> **Provided information**
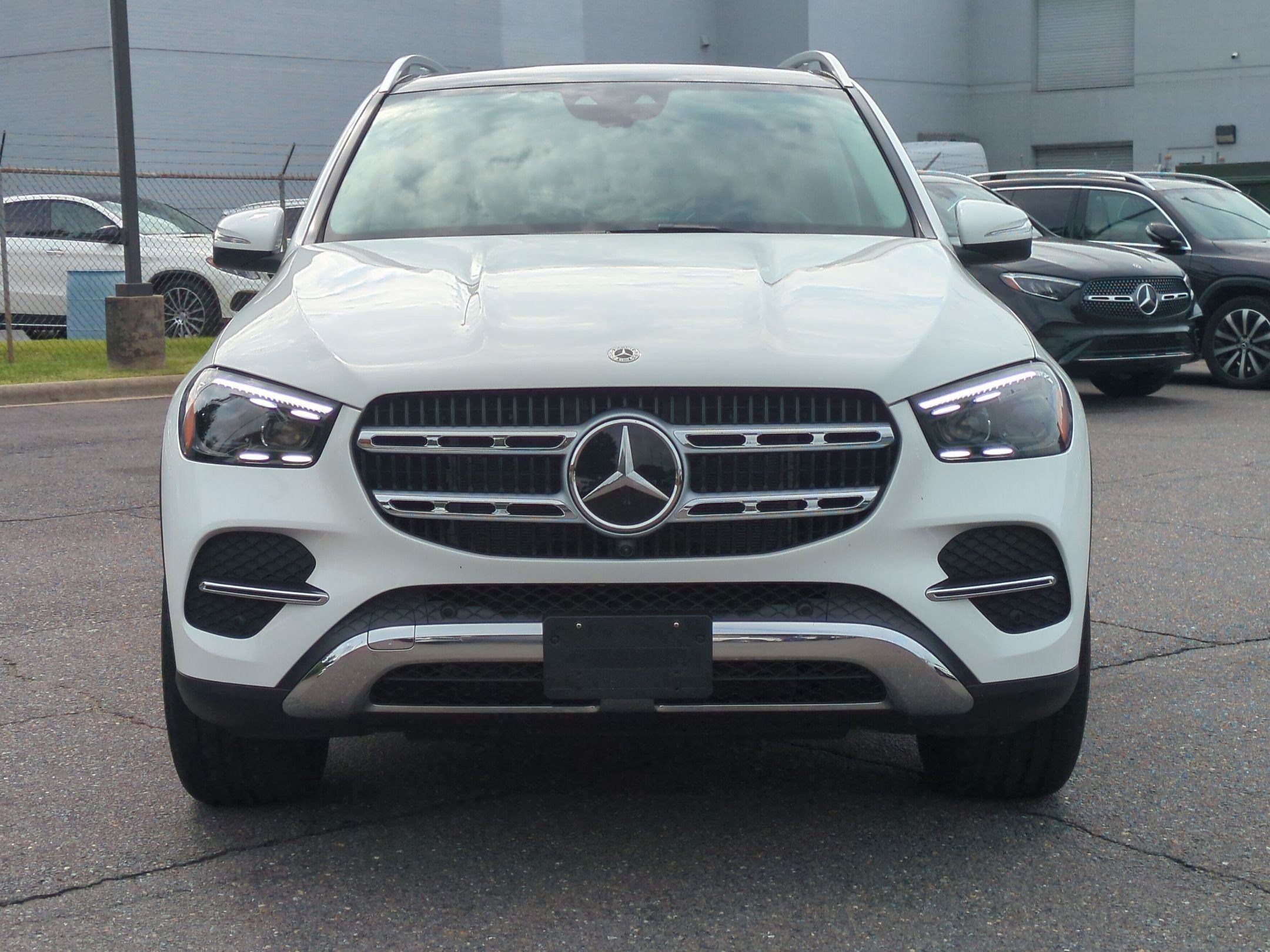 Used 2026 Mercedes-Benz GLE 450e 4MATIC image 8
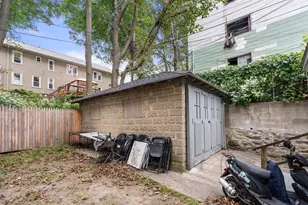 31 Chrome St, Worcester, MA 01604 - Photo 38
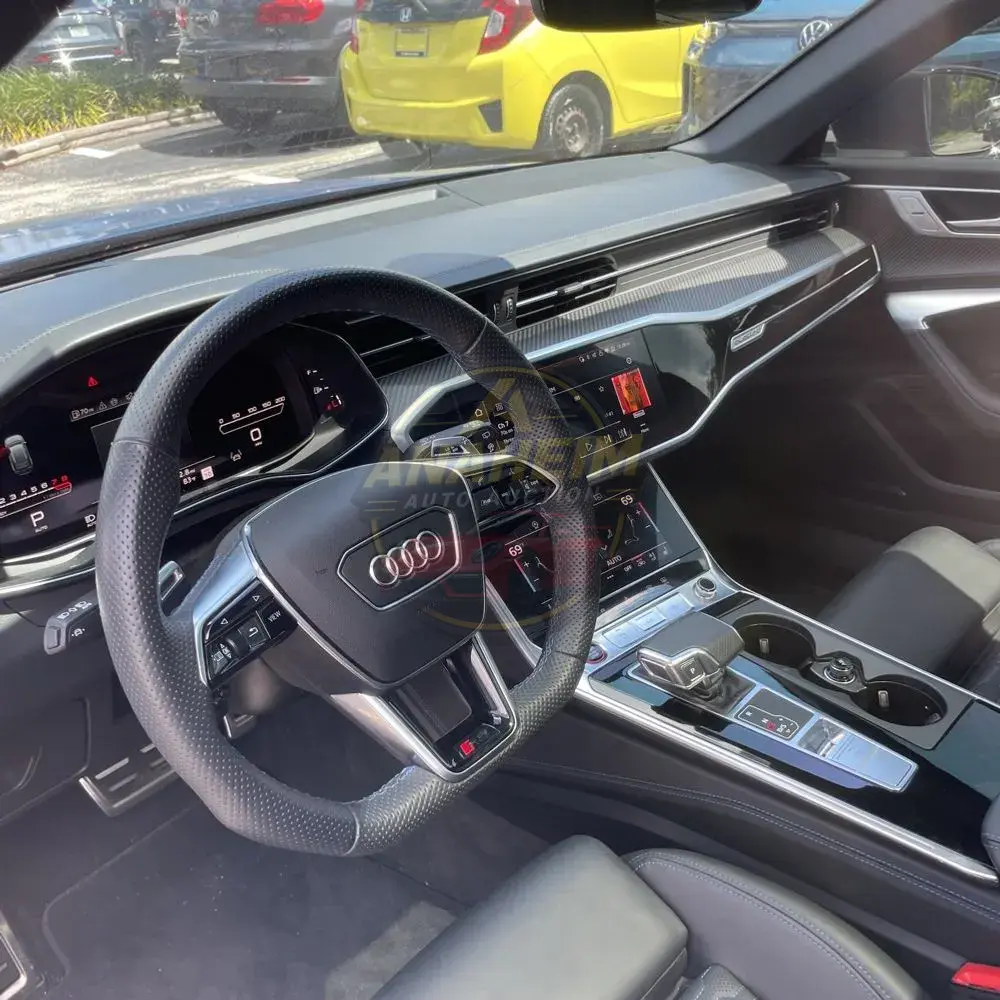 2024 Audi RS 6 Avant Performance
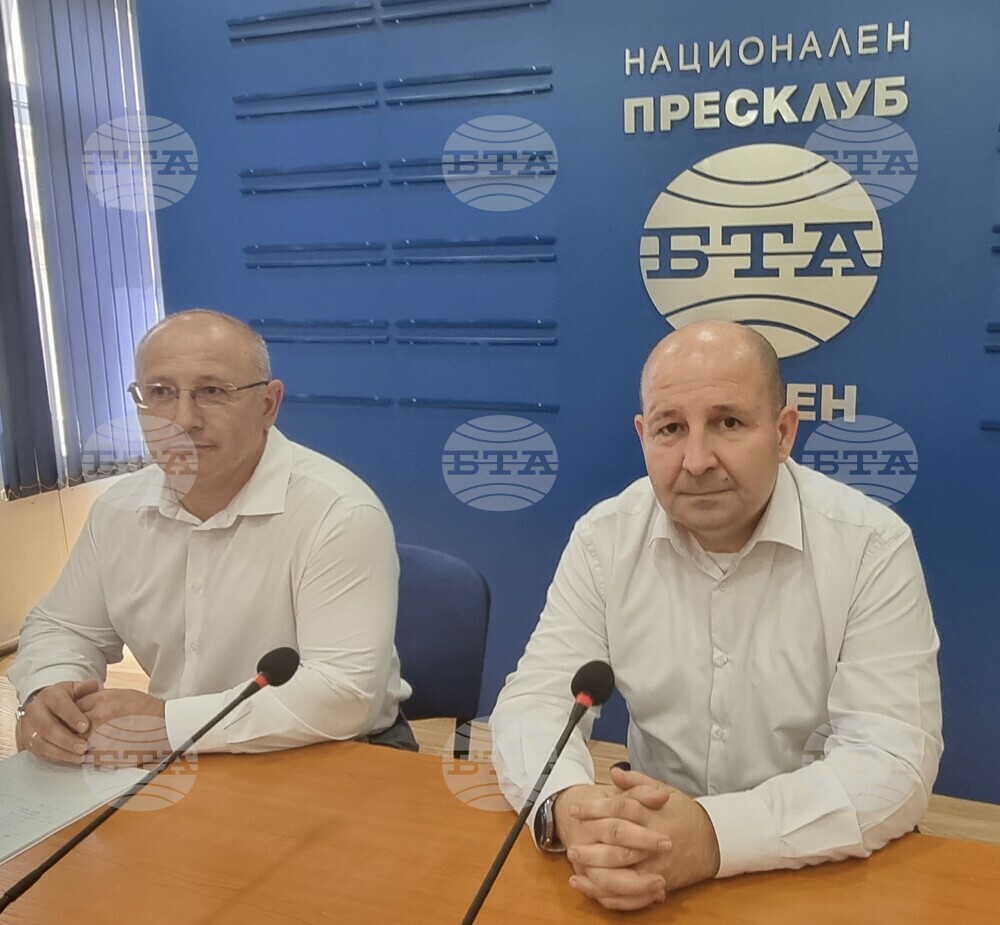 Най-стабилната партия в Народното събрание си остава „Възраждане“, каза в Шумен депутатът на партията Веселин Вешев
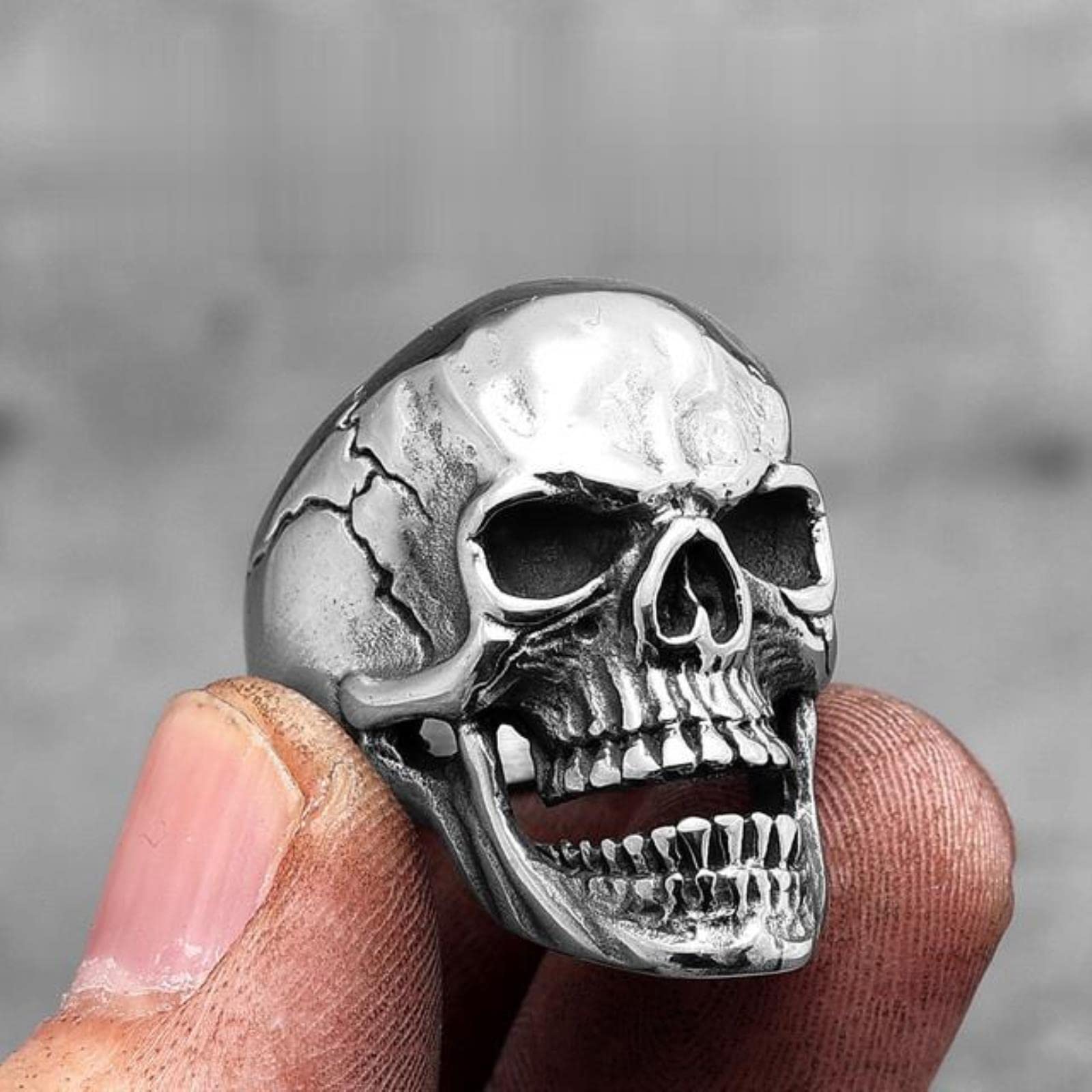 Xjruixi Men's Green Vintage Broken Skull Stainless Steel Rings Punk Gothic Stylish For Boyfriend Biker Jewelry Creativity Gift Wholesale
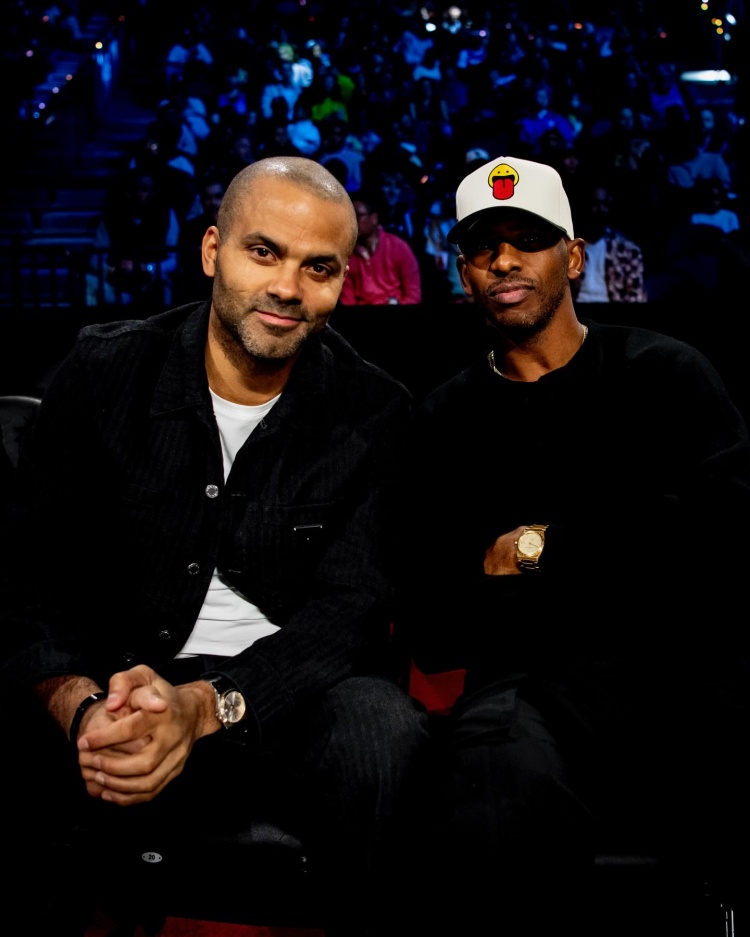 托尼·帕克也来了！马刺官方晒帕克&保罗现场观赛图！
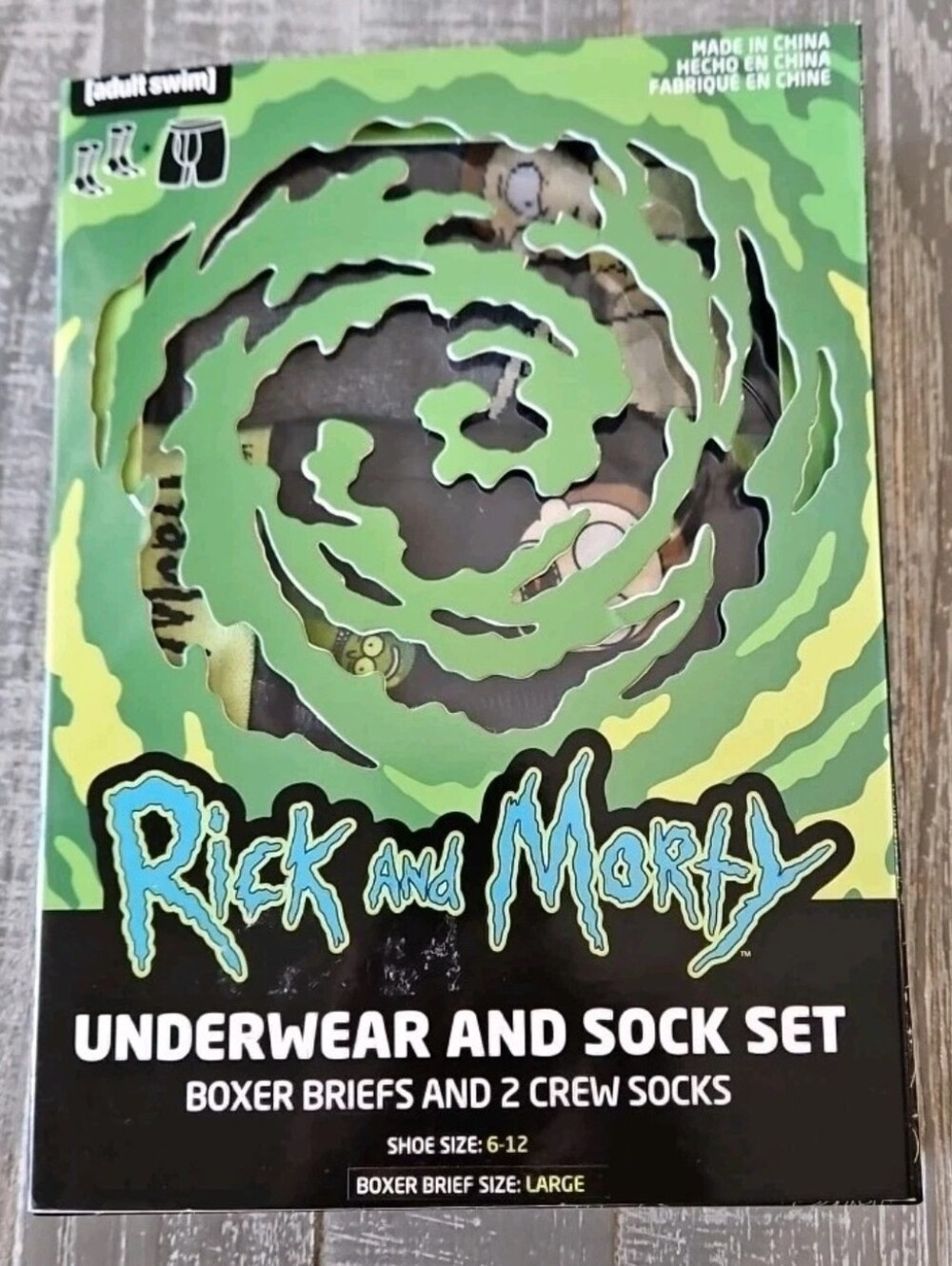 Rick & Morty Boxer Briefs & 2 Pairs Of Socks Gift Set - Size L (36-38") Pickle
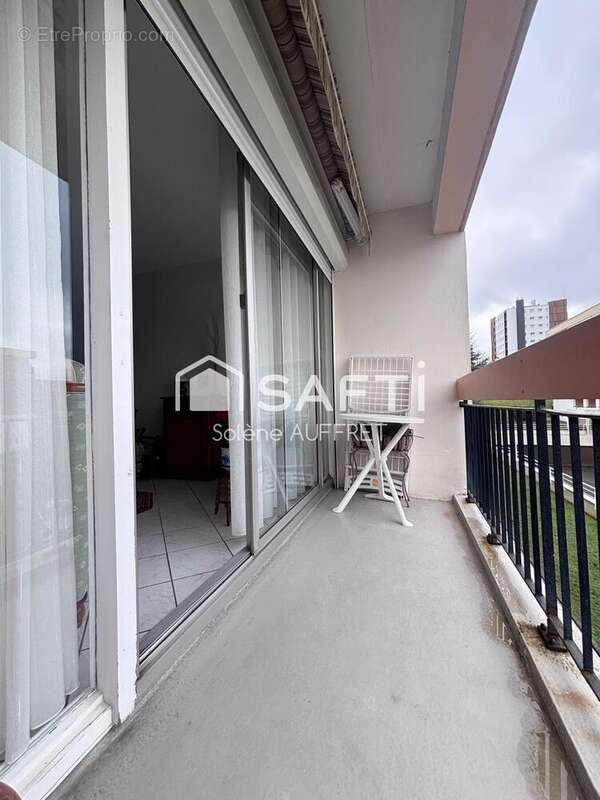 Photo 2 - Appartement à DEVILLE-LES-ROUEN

> **Exercise directions**
Your task is to copy only the lines above starting at the one containing "Най-стабилната партия в" and ending at the one containing "Rick & Morty". Copy them exactly, both ends included, and omit the pictures.

> **Answer box**
 Най-стабилната партия в Народното събрание си остава „Възраждане“, каза в Шумен депутатът на партията Веселин Вешев
 Xjruixi Men's Green Vintage Broken Skull Stainless Steel Rings Punk Gothic Stylish For Boyfriend Biker Jewelry Creativity Gift Wholesale
 托尼·帕克也来了！马刺官方晒帕克&保罗现场观赛图！
 Rick & Morty Boxer Briefs & 2 Pairs Of Socks Gift Set - Size L (36-38") Pickle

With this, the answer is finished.